# DaYan Cube Corner Cutting Test - Literally 45 Degrees



## daniel0731ex (Mar 10, 2010)

So i found this video in a review of the DaYan cube on THE Chinese forum.


Just a quick demonstration of the DaYan cube to those who are thinking about buying it:

http://player.youku.com/player.php/sid/XMTE2NDY0MTg4/v.swf


----------



## Muesli (Mar 10, 2010)

No offence intended, but if you need a cube that is capable of cutting 45 degrees you really need to clean up your cubing style.


----------



## koreancuber (Mar 10, 2010)

@Musli4brekkies: Yeah, I'd rather get a speedy cube than a 45 degree corner cutting cube. I mean, if you are a cuber, you shouldn't be cutting 45 degrees while solving the cube.


----------



## dillonbladez (Mar 10, 2010)

koreancuber said:


> Yeah, I'd rather get a speedy cube than a 45 degree corner cutting cube. I mean, if you are a cuber, you shouldn't be cutting 45 degrees while solving the cube.



this.

even a nub doesn't cut 45. (but then again, they turn with their wrists )


----------



## RyanO (Mar 10, 2010)

I'd rather have a speedy cube that cuts corners at 45 degrees.


----------



## koreancuber (Mar 10, 2010)

@dillonbladez: Yeah and every time they turn it with their wrists, they drop it and the cube explodes (literally happened to me twice). I don't know why they like start to juggle the cube with their wrists. I've only seen like 2 out of 10 people that actually turn the cube carefully.


----------



## ~Phoenix Death~ (Mar 11, 2010)

You should only need to cut corners 25-30 degrees.
But it's better to be able to cut corners than not at all.


----------



## daniel0731ex (Mar 11, 2010)

But the DaYan is speedy AND cut corners at 45 degrees. How about that?


----------



## Googlrr (Mar 11, 2010)

Mine cuts 45 on most sides too. I think that being able to cut at 45 degrees is useful, but not because I'm actually that inaccurate. It seems like the farther it can cut corners, the more effortless it becomes to cut lower degrees. My DaYan barely needs to be pushed to cutting corners and cuts smaller angles much easier than my C-Hybrid or my C4U cube.


----------



## Tortin (Mar 11, 2010)

That doesn't look 45.


----------



## Deleted member 2864 (Mar 11, 2010)

Maybe not, but it sure looks above the normal cutting capability to me.


----------



## teller (Mar 11, 2010)

Musli4brekkies said:


> No offence intended, but if you need a cube that is capable of cutting 45 degrees you really need to clean up your cubing style.

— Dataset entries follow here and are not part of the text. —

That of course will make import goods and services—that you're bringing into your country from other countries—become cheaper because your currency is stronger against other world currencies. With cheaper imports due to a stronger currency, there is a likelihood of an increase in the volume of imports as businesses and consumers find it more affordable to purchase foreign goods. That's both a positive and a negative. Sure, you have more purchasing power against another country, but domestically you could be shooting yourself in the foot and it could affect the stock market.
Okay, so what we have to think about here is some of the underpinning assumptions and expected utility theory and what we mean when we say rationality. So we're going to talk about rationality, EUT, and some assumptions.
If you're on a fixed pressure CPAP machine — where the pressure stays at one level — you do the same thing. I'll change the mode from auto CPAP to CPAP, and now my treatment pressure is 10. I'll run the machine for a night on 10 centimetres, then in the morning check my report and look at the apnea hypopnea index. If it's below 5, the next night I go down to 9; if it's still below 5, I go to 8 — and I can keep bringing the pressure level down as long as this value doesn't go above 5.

Disagree...the distance between turns is shortened with more corner cutting. Call it sloppy if you want, but it's faster.


----------



## Sa967St (Mar 11, 2010)

daniel0731ex said:


> Literally 45 Degrees


 >_>


----------



## BigGreen (Mar 11, 2010)

i laugh at people who care about corner cutting. 

my cube cant cut corners very well at all but i still make good use of it.


----------



## DavidWoner (Mar 11, 2010)

Corner cutting really only works in one direction. So if you get used to cutting 45 one directions, you will be screwed going the other way. People should just learn to turn.


----------



## Muesli (Mar 11, 2010)

My point exactly.


----------



## Rodrigo Piaggio (Mar 12, 2010)

My Dayan cube can cut corners exactly the same like that video. Dayan cube it´s a very good cube overall. This kind of cutting corners, like Woner said, is very unuseful in a real speedsolve. The video don´t add, help or even proof nothing.


----------



## CubesOfTheWorld (Mar 12, 2010)

That looks like quite a fine cube. I should consider buying it, if not too expensive


----------